- _Aim of the exercise_
Copy every line from the records below that holds the word "Dress".

/---

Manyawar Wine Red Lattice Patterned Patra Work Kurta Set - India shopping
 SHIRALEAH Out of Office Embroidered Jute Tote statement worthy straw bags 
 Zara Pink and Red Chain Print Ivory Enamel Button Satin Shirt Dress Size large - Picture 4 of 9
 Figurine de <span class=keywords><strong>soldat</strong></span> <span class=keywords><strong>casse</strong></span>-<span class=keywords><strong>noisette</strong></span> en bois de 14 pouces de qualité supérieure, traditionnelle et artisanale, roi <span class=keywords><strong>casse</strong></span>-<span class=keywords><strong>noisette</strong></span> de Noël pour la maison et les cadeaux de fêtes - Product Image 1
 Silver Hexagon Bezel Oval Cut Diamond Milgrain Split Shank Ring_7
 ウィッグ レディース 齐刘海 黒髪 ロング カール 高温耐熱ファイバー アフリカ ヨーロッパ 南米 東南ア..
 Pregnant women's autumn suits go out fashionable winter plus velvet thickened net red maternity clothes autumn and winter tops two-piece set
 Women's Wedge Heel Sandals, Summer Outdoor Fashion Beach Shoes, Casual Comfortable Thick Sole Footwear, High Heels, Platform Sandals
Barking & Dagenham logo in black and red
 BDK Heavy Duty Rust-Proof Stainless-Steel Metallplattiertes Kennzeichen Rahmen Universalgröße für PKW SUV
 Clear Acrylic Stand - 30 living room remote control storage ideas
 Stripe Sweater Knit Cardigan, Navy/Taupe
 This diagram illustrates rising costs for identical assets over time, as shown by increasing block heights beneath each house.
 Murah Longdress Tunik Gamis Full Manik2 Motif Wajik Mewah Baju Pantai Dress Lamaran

\---

- _Response_
 Zara Pink and Red Chain Print Ivory Enamel Button Satin Shirt Dress Size large - Picture 4 of 9
 Murah Longdress Tunik Gamis Full Manik2 Motif Wajik Mewah Baju Pantai Dress Lamaran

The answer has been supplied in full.